▶ What is being asked: The response consists of the lines from the start of the material below through the line holding "So that will", repeated word for word and without pictures.

▶ Dataset excerpt:
★ ★ ★ ★ ★

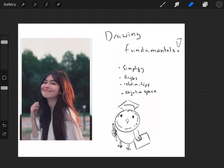Hey guys, welcome back to another video. In this video we're going to be looking at drawing fundamentals — simplification, angles, relationships, and negative space. These are the essential building blocks for any kind of painting, portraiture, or landscapes that you do, and it's going to really help build your foundation when it comes to art. It's definitely something I struggle with, so I thought it would be a good thing to share with you guys.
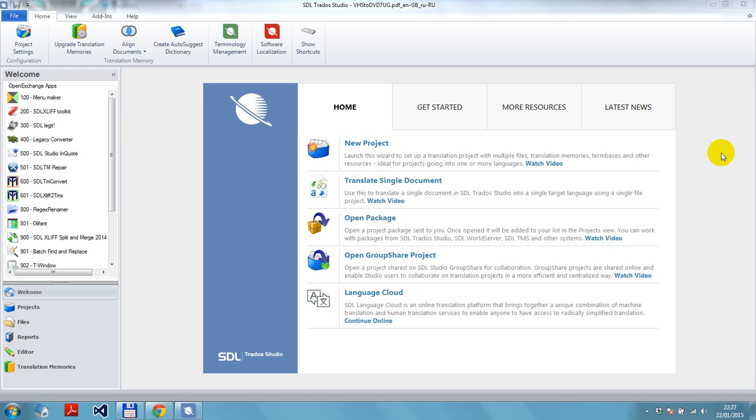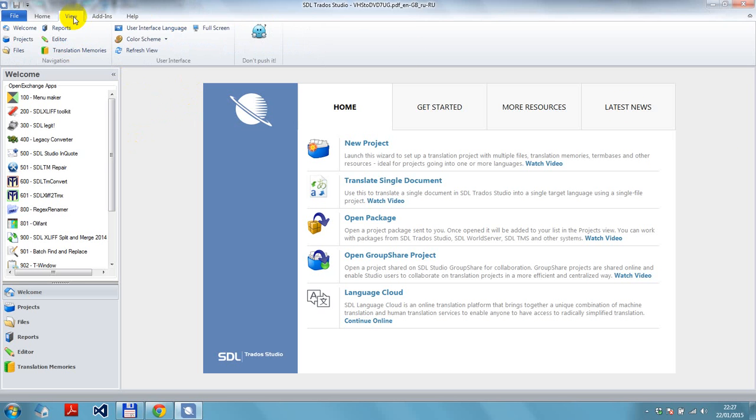So let me just demonstrate what that is. I'm in the welcome view or the home view, and if I click on the view, there's a little button here called 'Don't Push It.' I'm sure by now if you're a MemoQ user you know exactly what I'm talking about. For those of you who don't use MemoQ, allow me to demonstrate.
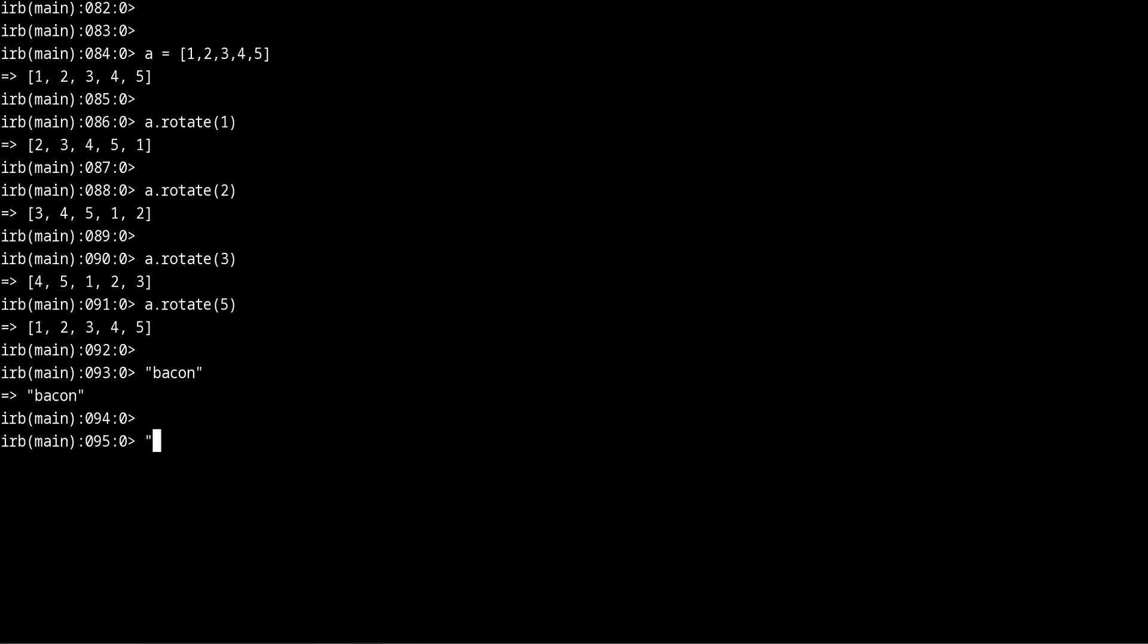So that will become a C, then the A becomes a B, the C becomes a D, the O becomes a P, and the N becomes an O. So now this is what bacon looks like after we put it through the Caesar algorithm.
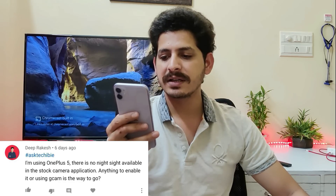Next question from Mr. Deep on OnePlus 5: Night Sight is not available in the stock camera app — is there a way to enable it or is Google Camera the way to go? Yes, Night Sight is not available on OnePlus 5 series. The only option is the Google Camera application.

★ ★ ★ ★ ★

▶ Task solution:
Hey guys, welcome back to another video. In this video we're going to be looking at drawing fundamentals — simplification, angles, relationships, and negative space. These are the essential building blocks for any kind of painting, portraiture, or landscapes that you do, and it's going to really help build your foundation when it comes to art. It's definitely something I struggle with, so I thought it would be a good thing to share with you guys.
So let me just demonstrate what that is. I'm in the welcome view or the home view, and if I click on the view, there's a little button here called 'Don't Push It.' I'm sure by now if you're a MemoQ user you know exactly what I'm talking about. For those of you who don't use MemoQ, allow me to demonstrate.
So that will become a C, then the A becomes a B, the C becomes a D, the O becomes a P, and the N becomes an O. So now this is what bacon looks like after we put it through the Caesar algorithm.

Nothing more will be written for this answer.